§ **Work request**:
Among the lines below, output only those between the line holding "Dsired Womens Fashion Tape Clear Image 3" and the line holding "Mimi the gardener (Copy)", inclusive, exactly as written and with no pictures.

§ **Provided records**:
>>>

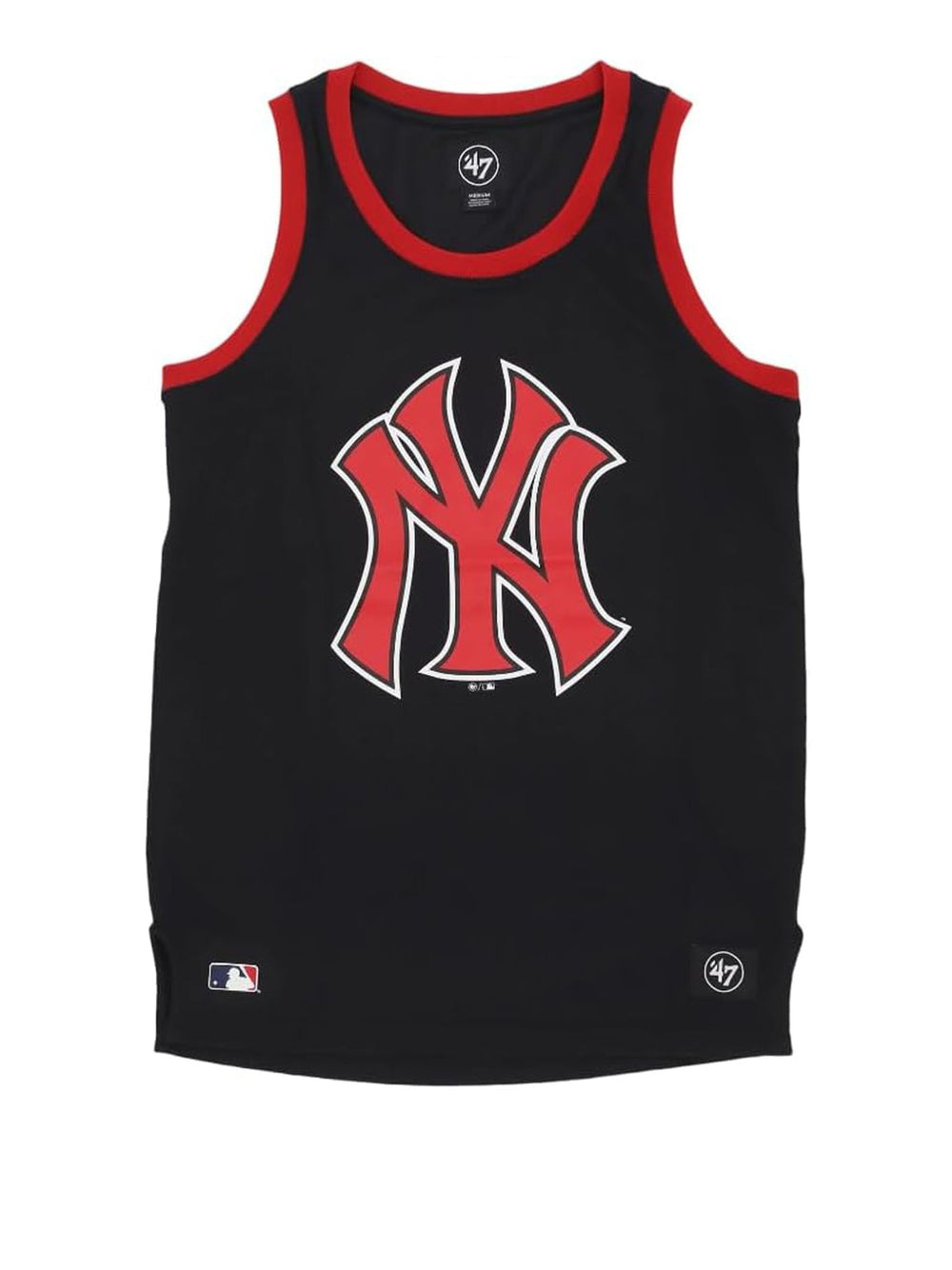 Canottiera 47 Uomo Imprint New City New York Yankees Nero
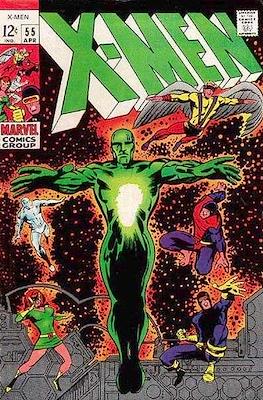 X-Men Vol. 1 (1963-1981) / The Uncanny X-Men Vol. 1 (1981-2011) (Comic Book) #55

<<<
>>>

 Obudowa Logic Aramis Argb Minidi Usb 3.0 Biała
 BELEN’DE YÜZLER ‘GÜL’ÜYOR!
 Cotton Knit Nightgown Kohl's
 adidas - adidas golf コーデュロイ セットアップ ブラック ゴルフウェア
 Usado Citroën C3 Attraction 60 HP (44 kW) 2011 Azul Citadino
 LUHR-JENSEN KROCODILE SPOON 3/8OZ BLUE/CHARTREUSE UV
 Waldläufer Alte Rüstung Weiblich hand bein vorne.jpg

<<<
>>>

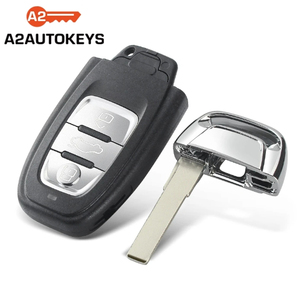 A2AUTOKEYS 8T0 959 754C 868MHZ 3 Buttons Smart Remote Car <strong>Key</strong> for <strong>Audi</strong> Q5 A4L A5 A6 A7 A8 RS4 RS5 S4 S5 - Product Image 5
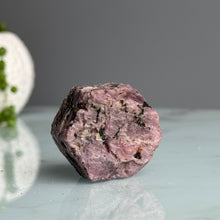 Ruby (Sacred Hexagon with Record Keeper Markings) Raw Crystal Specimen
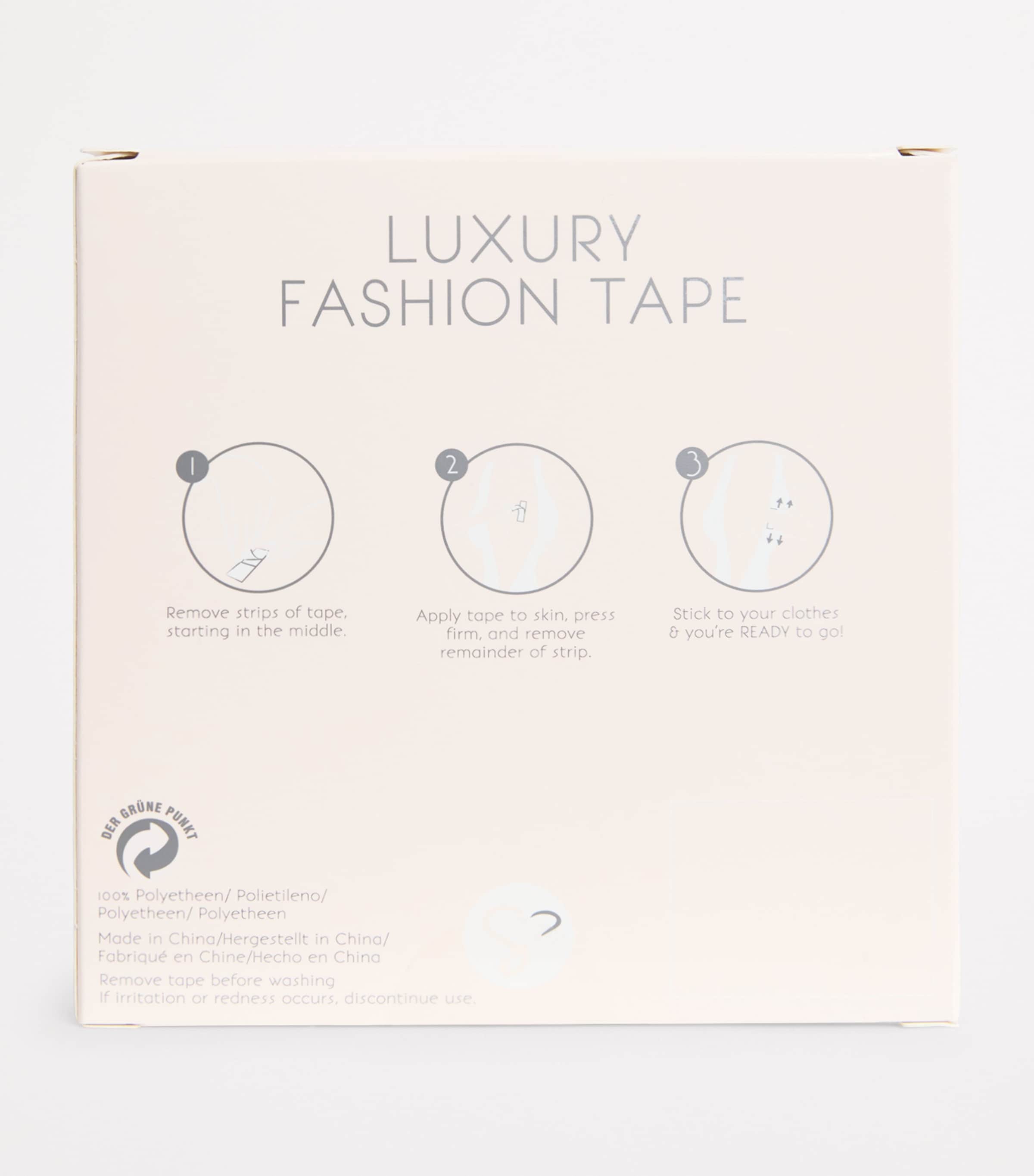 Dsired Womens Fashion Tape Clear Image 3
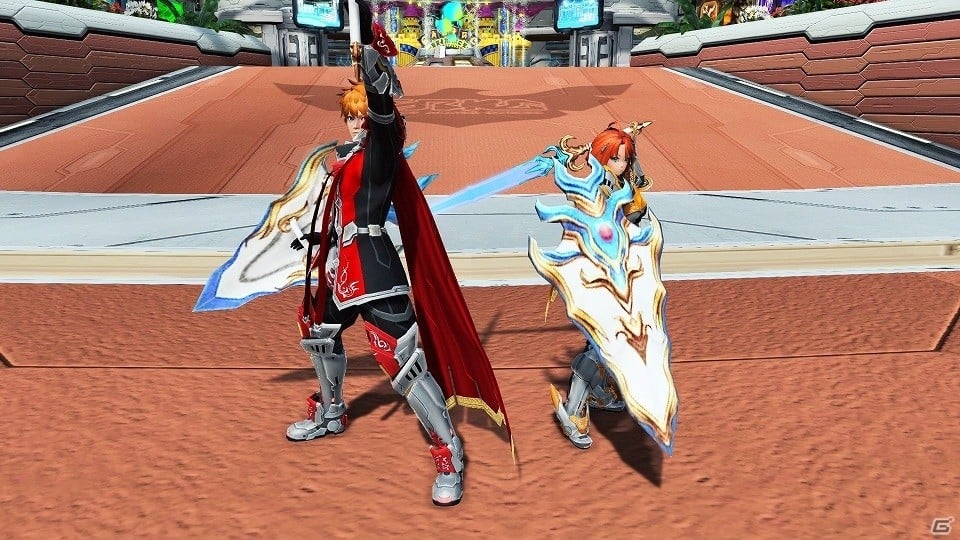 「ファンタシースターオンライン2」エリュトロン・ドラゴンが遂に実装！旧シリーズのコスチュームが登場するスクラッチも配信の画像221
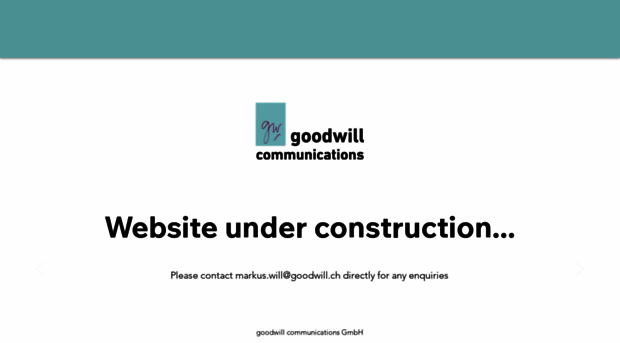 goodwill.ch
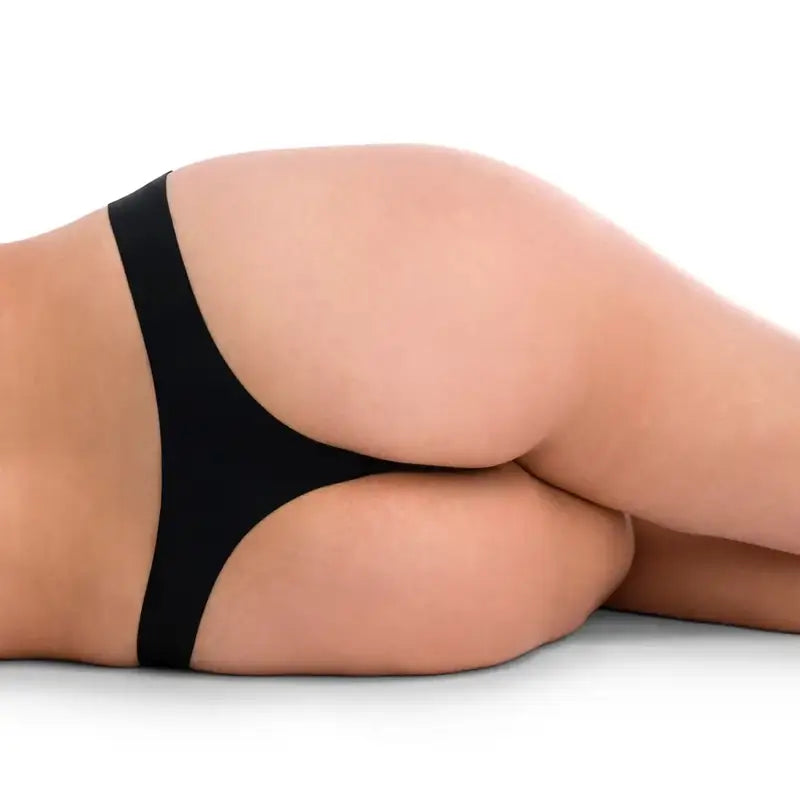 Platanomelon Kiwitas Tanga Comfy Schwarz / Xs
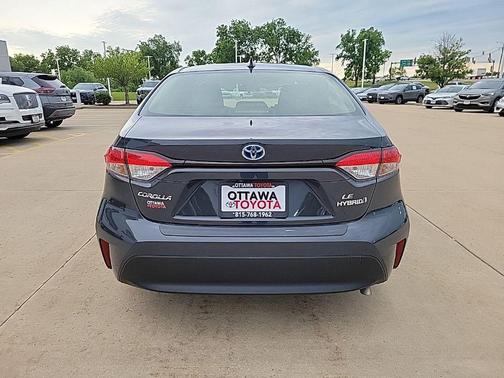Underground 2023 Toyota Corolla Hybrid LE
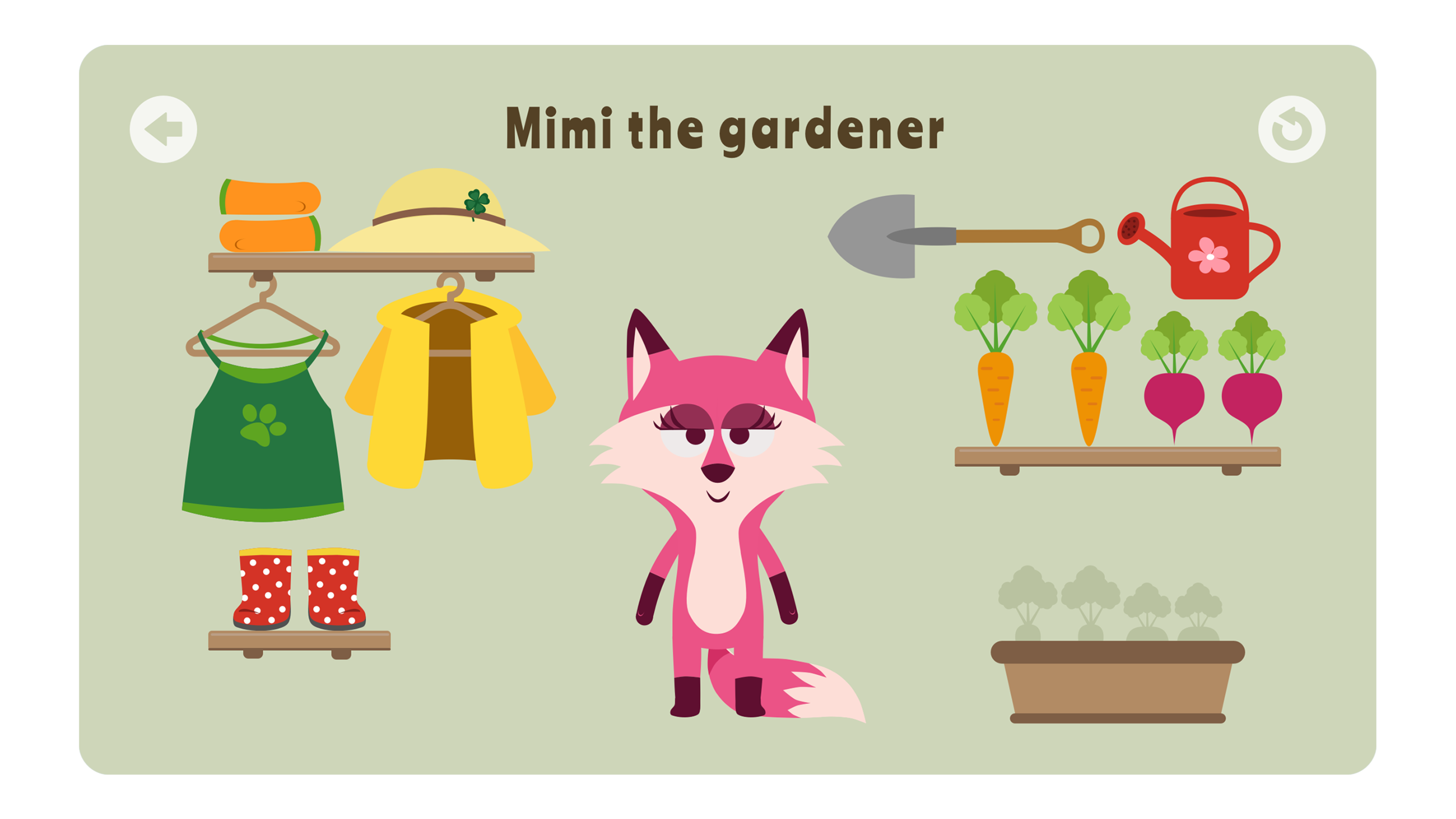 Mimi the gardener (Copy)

<<<

§ **Answer below**:
 Dsired Womens Fashion Tape Clear Image 3
 「ファンタシースターオンライン2」エリュトロン・ドラゴンが遂に実装！旧シリーズのコスチュームが登場するスクラッチも配信の画像221
 goodwill.ch
 Platanomelon Kiwitas Tanga Comfy Schwarz / Xs
Underground 2023 Toyota Corolla Hybrid LE
 Mimi the gardener (Copy)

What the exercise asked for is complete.